In 1975 Karin and her family moved to Madrid, Spain where Mario was stationed at Torrejón Air Force Base. Three months after their arrival the dictator Francisco Franco died which resulted in uncertain times for US military personnel living there. Karin has memories of Spanish military men with machine guns patrolling large areas near their house. In 1977 Mario was assigned to be the principal at an elementary school in Suffolk, England where Karin and Mario would spend the next 10 years getting their boys through high school and off to college. Karin was involved in helping renovate an old Rectory where they lived, parts of which dated back to the 14th century.
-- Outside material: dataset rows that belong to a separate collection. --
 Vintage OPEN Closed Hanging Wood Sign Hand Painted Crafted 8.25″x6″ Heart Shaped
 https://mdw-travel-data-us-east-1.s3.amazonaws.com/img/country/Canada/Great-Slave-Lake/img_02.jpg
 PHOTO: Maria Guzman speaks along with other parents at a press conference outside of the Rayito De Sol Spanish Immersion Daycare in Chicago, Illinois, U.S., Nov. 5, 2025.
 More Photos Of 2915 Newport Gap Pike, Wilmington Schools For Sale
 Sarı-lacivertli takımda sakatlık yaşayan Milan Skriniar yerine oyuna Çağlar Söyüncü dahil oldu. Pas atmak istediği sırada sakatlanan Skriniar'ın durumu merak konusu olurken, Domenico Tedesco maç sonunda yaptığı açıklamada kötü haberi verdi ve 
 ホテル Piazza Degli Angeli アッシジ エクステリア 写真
She volunteered on the Sutton Hoo Anglo Saxon boat excavation (subject of the movie The Dig) and they attended world class classical music concerts at the Aldeburgh Festival of Music three miles from their rural house often walking through the English countryside  to the performances.

In 1987 after their sons had moved out Karin and Mario moved back to Madrid, Spain and then on to Athens, Greece where they had a house on the Greek coast.  Again, Karin succeeded in making a comfortable home in somewhat primitive conditions. Throughout their time overseas Karin loved to entertain in her home. There were frequent parties for the teachers including infamous pig roasts at The Old Rectory in England. She also loved to host visiting guests who frequently used their home as a ‘base’ from which to further explore Europe.
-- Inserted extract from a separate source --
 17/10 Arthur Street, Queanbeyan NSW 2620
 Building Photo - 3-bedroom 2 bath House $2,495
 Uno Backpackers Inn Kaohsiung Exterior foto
Upon Mario’s retirement in 1993 after 30 years of service to the Department of Defense Karin and Mario moved to the White Mountains of New Hampshire, and then to New Smyrna Beach, Florida where they enjoyed some of their retirement years in a condo on the beach. Over the course of 30 years Karin managed the moving and resettling of the entire household 12 times, no small feat. She was a kind and patient mother who believed in letting her kids take risks and figure things out on their own.

In 1997 they moved to Boise, Idaho to follow their sons whose paths had taken them west. There Karin enjoyed the hot summers and wintered in Florida while they continued traveling, this time for pleasure, not work. Karin became a grandmother in September of 2001 and again in 2003. Subsequent years were quiet ones and Karin enjoyed her time with the grandchildren. Karin was widowed in 2007 when Mario died bringing to an end 48 years of marriage. She continued to live on her own, and then, as the years got the better of her, moved to The Terraces in Boise, an independent and assisted living facility, where she lived the rest of her life. One cannot ask for a better way to transition out of this life. She was never in pain and went quietly in her sleep. She was well cared for. Many thanks go to the staff at The Terraces for their kind and patient care.

Karin is survived by her two sons, Adrian and Marc, both of Boise; her two older sisters, Cynthia Immonen of South Paris, Maine, and Shirley Murray of Ayr, Scotland; grandsons Peter Pfisterer and Calvin Pfisterer of Boise, Idaho; nieces Pam (Murray) Logan of Arran, Scotland, and Karin Murray of London, UK; nephew John Murray of Ayr, Scotland.